WHAT THE EXERCISE ASKS ->
Write out the lines of the records from the one containing "Bp Leszkiewicz święci" to the very last, keeping each exactly as it is.

INFORMATION ->
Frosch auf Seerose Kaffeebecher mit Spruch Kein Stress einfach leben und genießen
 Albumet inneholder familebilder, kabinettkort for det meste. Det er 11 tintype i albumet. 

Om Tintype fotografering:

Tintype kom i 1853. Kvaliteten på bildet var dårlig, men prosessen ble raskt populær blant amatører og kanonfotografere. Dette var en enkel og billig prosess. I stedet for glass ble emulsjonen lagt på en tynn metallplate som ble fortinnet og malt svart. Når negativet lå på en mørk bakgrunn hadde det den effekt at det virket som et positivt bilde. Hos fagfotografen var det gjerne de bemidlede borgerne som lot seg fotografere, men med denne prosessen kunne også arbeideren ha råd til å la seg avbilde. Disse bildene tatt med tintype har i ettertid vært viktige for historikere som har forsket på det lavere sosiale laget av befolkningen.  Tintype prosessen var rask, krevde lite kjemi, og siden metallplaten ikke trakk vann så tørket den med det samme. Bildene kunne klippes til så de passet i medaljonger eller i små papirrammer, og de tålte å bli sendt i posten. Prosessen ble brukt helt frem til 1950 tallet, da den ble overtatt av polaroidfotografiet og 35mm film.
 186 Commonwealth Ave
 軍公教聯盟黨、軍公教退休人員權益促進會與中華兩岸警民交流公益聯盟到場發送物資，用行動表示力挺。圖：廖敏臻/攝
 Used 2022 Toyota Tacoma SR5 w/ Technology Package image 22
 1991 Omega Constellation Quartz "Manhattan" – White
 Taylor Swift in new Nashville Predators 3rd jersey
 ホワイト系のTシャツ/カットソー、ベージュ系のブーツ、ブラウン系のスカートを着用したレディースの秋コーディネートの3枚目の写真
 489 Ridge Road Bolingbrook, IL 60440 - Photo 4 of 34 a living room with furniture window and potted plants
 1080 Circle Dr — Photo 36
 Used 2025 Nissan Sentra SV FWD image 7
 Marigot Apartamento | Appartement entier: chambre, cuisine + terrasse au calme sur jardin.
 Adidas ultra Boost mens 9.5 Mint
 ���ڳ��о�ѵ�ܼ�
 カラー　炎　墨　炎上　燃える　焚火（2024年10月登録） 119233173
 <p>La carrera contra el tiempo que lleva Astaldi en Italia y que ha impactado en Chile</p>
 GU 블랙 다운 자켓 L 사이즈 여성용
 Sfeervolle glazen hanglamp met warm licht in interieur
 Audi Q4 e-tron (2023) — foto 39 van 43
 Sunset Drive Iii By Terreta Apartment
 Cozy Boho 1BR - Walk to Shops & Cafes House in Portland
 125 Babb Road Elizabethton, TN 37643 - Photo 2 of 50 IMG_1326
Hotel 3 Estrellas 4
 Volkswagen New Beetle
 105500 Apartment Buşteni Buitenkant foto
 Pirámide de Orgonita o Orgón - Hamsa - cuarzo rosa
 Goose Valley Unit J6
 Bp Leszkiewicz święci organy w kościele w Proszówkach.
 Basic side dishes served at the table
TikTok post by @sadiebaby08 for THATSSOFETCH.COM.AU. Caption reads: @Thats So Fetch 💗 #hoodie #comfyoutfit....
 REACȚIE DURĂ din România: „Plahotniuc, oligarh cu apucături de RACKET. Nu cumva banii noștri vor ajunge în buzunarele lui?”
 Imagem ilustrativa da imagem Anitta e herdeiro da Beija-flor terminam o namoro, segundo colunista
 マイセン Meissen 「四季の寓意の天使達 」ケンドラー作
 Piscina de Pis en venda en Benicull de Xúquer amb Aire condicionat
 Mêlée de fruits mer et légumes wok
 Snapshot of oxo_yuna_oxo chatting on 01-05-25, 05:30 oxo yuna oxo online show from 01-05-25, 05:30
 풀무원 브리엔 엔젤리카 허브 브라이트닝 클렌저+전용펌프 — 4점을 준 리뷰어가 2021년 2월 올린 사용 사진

TASK OUTPUT ->
 Bp Leszkiewicz święci organy w kościele w Proszówkach.
 Basic side dishes served at the table
TikTok post by @sadiebaby08 for THATSSOFETCH.COM.AU. Caption reads: @Thats So Fetch 💗 #hoodie #comfyoutfit....
 REACȚIE DURĂ din România: „Plahotniuc, oligarh cu apucături de RACKET. Nu cumva banii noștri vor ajunge în buzunarele lui?”
 Imagem ilustrativa da imagem Anitta e herdeiro da Beija-flor terminam o namoro, segundo colunista
 マイセン Meissen 「四季の寓意の天使達 」ケンドラー作
 Piscina de Pis en venda en Benicull de Xúquer amb Aire condicionat
 Mêlée de fruits mer et légumes wok
 Snapshot of oxo_yuna_oxo chatting on 01-05-25, 05:30 oxo yuna oxo online show from 01-05-25, 05:30
 풀무원 브리엔 엔젤리카 허브 브라이트닝 클렌저+전용펌프 — 4점을 준 리뷰어가 2021년 2월 올린 사용 사진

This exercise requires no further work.